Has anything changed? Lighting, heat, environment. What is the temperature at?
How old is your hedgehog?
Some older hedgehogs eventually need help with their food, whether it be crushing, or soaking so that it becomes soft.


----------



## Allysonbledsoe1 (Dec 1, 2009)

He is only 136 days old, i don't really know how many months and imma start counting his kitty food. He has adapted to 72 and 73 degree environment, the only thing that has reaally changed is that it is getting colder outside and his cage was on the wall that was the other side outside wall. If that makes any sense, he used to finish off a full bowl and like on that wall that was the other side is the outside wall he ate a little at a time and my stepmom put him on the warmer wall and he finished off half the bowl. Other than that its the same.


----------



## krbshappy71 (Jul 17, 2009)

So about four months old.
Another thought, do you have additional lighting for him during the day? I leave a light on all day in the hedgie room as they are sensitive to the shorter days in winter. You mentioned he ate better on the "warmer wall" so my thought would be to move him back or purchase additional heating. Some prefer warmer temperatures than others.
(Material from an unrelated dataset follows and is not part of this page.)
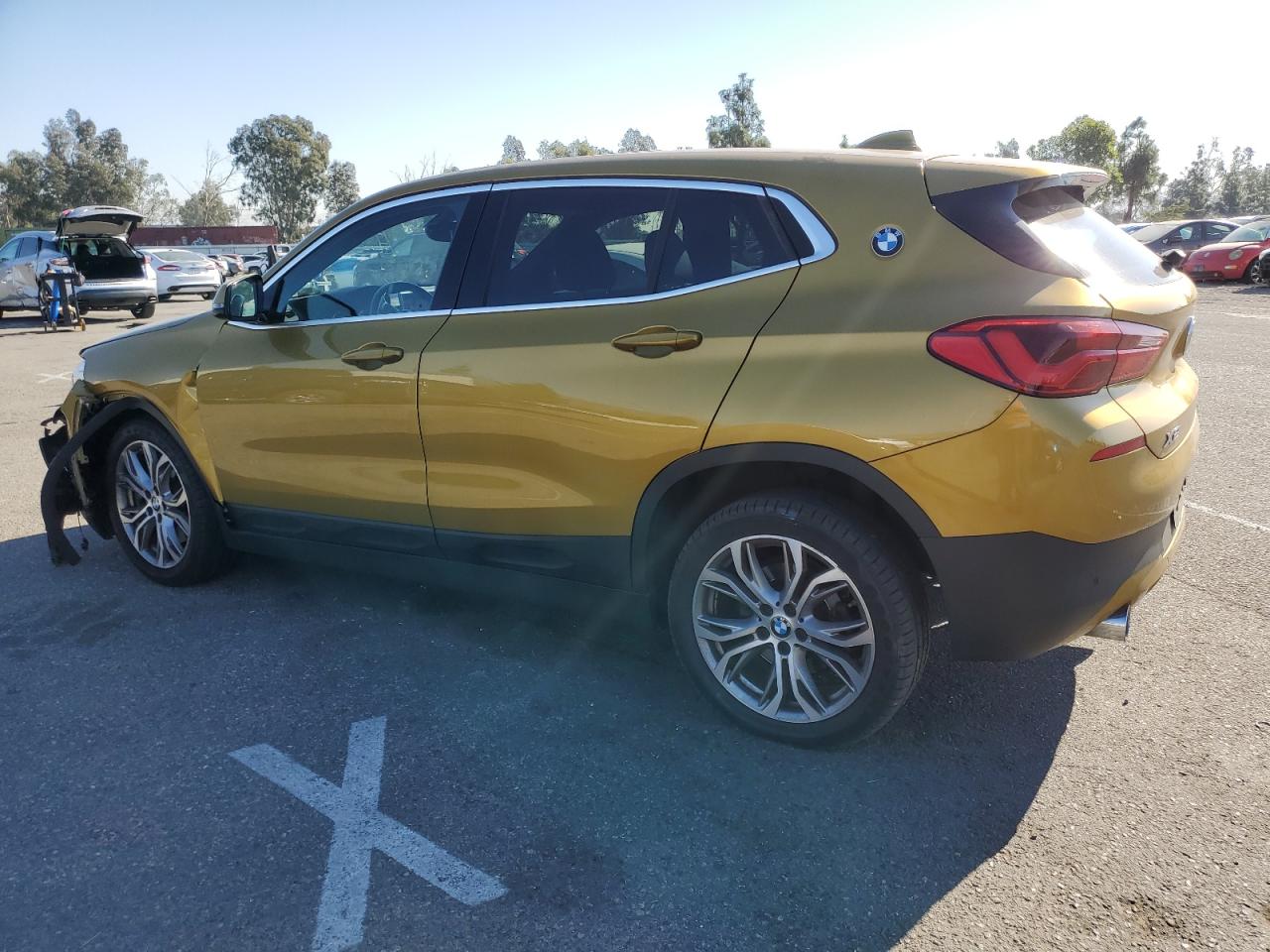 2018 BMW X2 VIN WBXYJ3C35JEJ64956 Copart auction photo, front end damage thumbnail 2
Counting kibble and weighing him will help you see if he is losing weight. Eating less wouldn't be a big deal if he's just maturing and not eating as much but losing weight isn't good.


----------



## Allysonbledsoe1 (Dec 1, 2009)

*I really do think it might be that he is maturing because like he will eat a little bit one day and the next a little more and it changes everyday. Is that a sign he is maturing? *


----------



## Pipkin (Aug 26, 2009)

Hiya

Turbo is around the same age as your hedgie and he used to finish off a bowl when he was little, now though some nights he hardly touches it. I assumed this was because he had matured although i do give him a variety of food and some he eats more of than others, i assume this preference so maybe try giving him a different flavour. I was giving Turbo chicken flavoured cat food, then i gave him fish flavoured and he gobbles that up but leaves the chicken. He hasn't lost weight at all and he is a good weight and has remained at that i guess he's just a little fussy because he sure gobbles his treats down :lol:


----------



## Allysonbledsoe1 (Dec 1, 2009)

Thank you!! But i thought you werent supposed to give them fish flavored.. i read that somewhere but yeah im going to try that.. Thank You its helped me very much


----------



## Nancy (Aug 22, 2008)

They can have fish based foods, it's just that it can make for some pretty stinky poop. :lol:


----------



## Pipkin (Aug 26, 2009)

I heard alot of people say their hedgies wont eat fish sflavoured foods. Turbos breeder said they prefer the chicken and wont eat the fish flavoured but Turbo loves the fish stuff  

And his poop isnt stinky, it might be when it first comes out but his room never stinks and when i clean it in morning its not even smelly. I know babies poop is smellier though.


----------



## Allysonbledsoe1 (Dec 1, 2009)

Oh okies. just making Sure..


----------